Not very Irish, but fun, St. Patrick’s Day

Sunday, March 18th, 2007

Well, St. Paddy’s Day was all about shopping and music for me. Spent the afternoon picking up some new clothes along Haight. I got some totally cute new duds, including an awesome pair of camo pants, a great knit hoodie, a vintage Spiderman t-shirt and a purple-ish corduroy jacket. Also picked up some new music from Amoeba Records. Jennifer and Daniel are starting to rub off on me and I’m starting to enjoy the dub step stuff they love.

In the evening, we went to a dub step party at Jelly’s on Pier 50. It was awesome. I think the reason I’ve been fighting them on this dub step stuff is because until last night I really haven’t been able to hear it in the way it’s supposed to be heard… with window-rattling subwoofers at chest-pounding volumes.

The party had Poi Dancing…
Dub Stepping at Jelly's Dub Stepping at Jelly's

Great DJs…
Dub Stepping at Jelly's Dub Stepping at Jelly's

Bass face…
Dub Stepping at Jelly's Dub Stepping at Jelly's Dub Stepping at Jelly's

Confusing boy we named “Vest Wearing Jake Shears Queer” who started making out with “Exceptionally Androgynous Confusing Boy-Looking Girl” (sometime after I “accidentally” felt his ass on the dance floor and struck up conversation in line to the bathroom)…
Dub Stepping at Jelly's

One of the fancy new machines where you push the button and get bacon, but with an added feature where you can tilt the nozzle and have bacon shot directly at your face…
Dub Stepping at Jelly's

On Friday, I finished, The Thousandfold Thought, the third book in R. Scott Bakker’s “The Prince of Nothing” trilogy. I rushed through book 2, The Warrior-Prophet, last week. For nail-biting engagement, the last 100 pages were fantastic. It’s not a feel-good kind of fantasy epic where the good guys win and everyone lives happily ever after. In fact, I spent much of the trilogy wondering who, if anyone, I should be rooting for.

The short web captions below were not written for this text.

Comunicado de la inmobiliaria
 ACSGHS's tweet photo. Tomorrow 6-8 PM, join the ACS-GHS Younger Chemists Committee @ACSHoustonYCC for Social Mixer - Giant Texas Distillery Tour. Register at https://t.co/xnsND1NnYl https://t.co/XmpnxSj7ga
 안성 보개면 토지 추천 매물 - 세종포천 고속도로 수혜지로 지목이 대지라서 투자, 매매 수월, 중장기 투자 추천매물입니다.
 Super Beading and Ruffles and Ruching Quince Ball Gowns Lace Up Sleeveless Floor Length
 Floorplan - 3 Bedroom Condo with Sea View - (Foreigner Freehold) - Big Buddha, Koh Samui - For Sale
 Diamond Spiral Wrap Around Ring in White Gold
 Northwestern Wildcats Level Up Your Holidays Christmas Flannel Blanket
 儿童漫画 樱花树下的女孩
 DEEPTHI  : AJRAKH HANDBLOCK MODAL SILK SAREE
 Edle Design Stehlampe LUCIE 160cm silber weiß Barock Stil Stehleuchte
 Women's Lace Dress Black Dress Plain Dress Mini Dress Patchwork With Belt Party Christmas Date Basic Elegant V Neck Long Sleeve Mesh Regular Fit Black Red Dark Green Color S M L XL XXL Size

Certainly world-ending evil apocalypse is bad, but the various factions and players in the story are ambiguous on all levels. Heroes, villains, allies, enemies… these things all become irrelevent. The way he depicts women is troubling (they’re slaves, concubines, objects to be used… or the emperor’s mother, a woman who used sex with her own son to manipulate him into becoming the man he is), although much of that gets sorta redeemed by the character arc of Esmenet. Similarly, the book depicts homosexuality as a sign of (feminine) weakness, but also turns that notion on it’s head in the final moments when something I suspected for a long while was revealed.

I’m not sure if I hope Bakker returns to this world soon to finish telling the story (the trilogy wrapped a major plot line, but in no way finished the “larger” story of this universe), or if I’d be more impressed leaving it the way it is. The trilogy certainly deserves its reputation as an intelligent read. The series gets a thumbs-up from me.